• **Data for the task**:
-- -- --

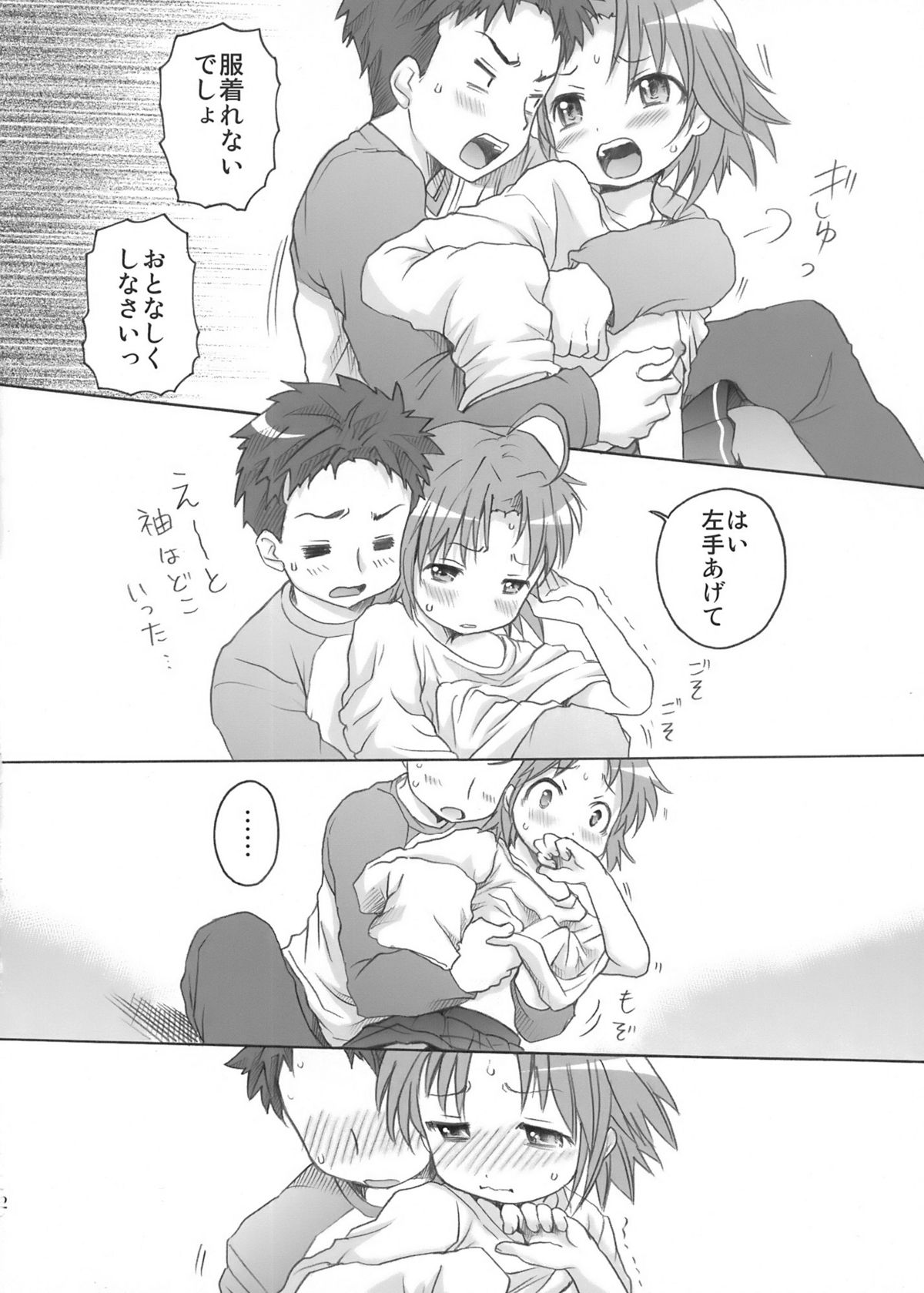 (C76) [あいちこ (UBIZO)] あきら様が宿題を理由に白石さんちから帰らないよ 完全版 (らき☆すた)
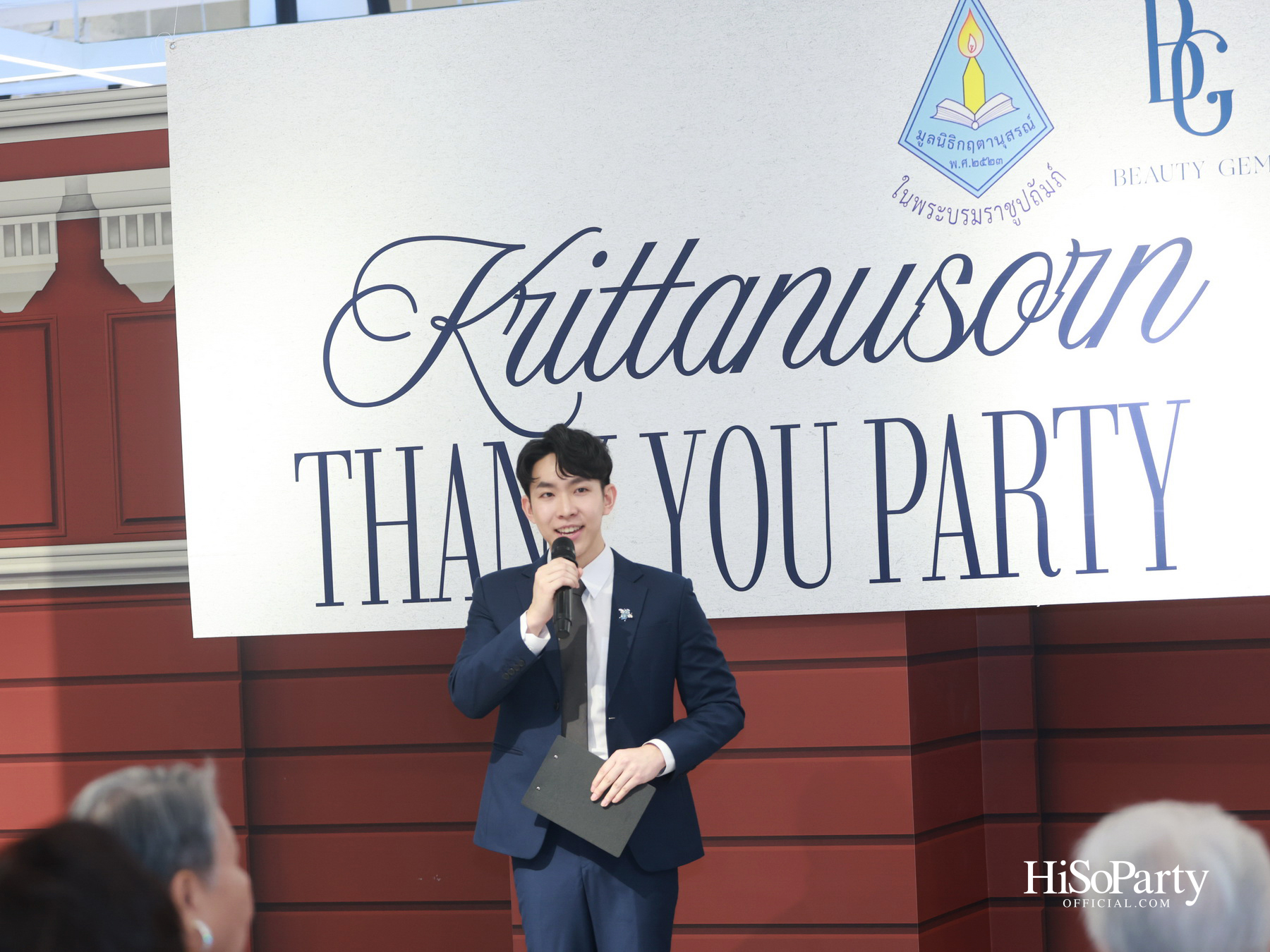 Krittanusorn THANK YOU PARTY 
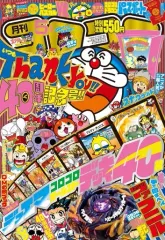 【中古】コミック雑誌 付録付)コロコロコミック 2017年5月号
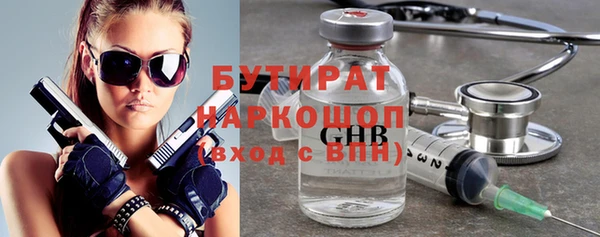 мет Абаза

-- -- --

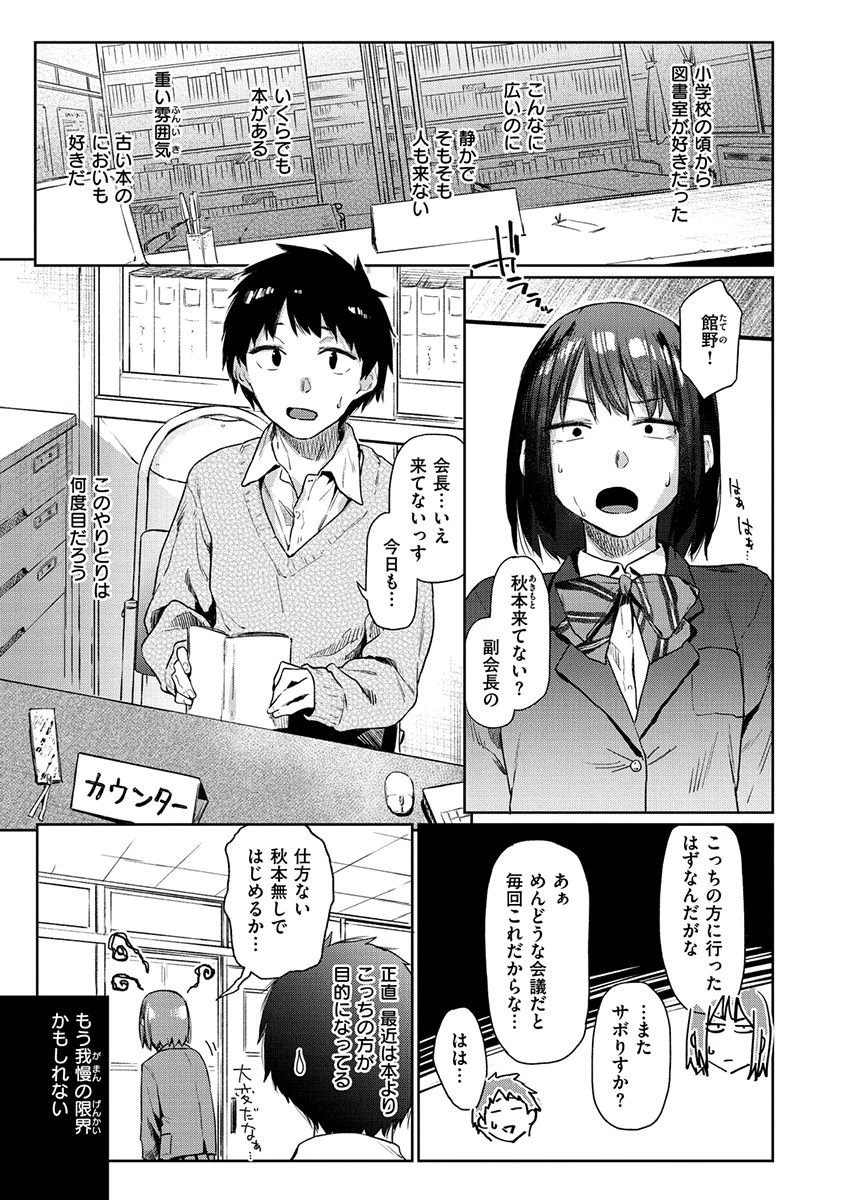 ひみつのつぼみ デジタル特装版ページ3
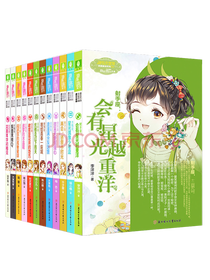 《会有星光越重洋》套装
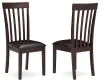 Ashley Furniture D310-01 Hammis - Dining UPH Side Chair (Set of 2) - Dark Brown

-- -- --

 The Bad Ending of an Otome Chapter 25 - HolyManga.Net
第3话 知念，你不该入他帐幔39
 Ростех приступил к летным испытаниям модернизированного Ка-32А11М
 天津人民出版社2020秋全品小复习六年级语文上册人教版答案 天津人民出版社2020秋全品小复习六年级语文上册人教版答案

-- -- --

• **Task description**: Above are the records; from them, give again exactly the lines from the one containing "Ростех приступил к" through the one containing "天津人民出版社2020秋全品小复习六年级语文上册人教版答案 天津人民出版社2020秋全品小复习六年级语文上册人教版答案", both included.

• **Response box**:
 Ростех приступил к летным испытаниям модернизированного Ка-32А11М
 天津人民出版社2020秋全品小复习六年级语文上册人教版答案 天津人民出版社2020秋全品小复习六年级语文上册人教版答案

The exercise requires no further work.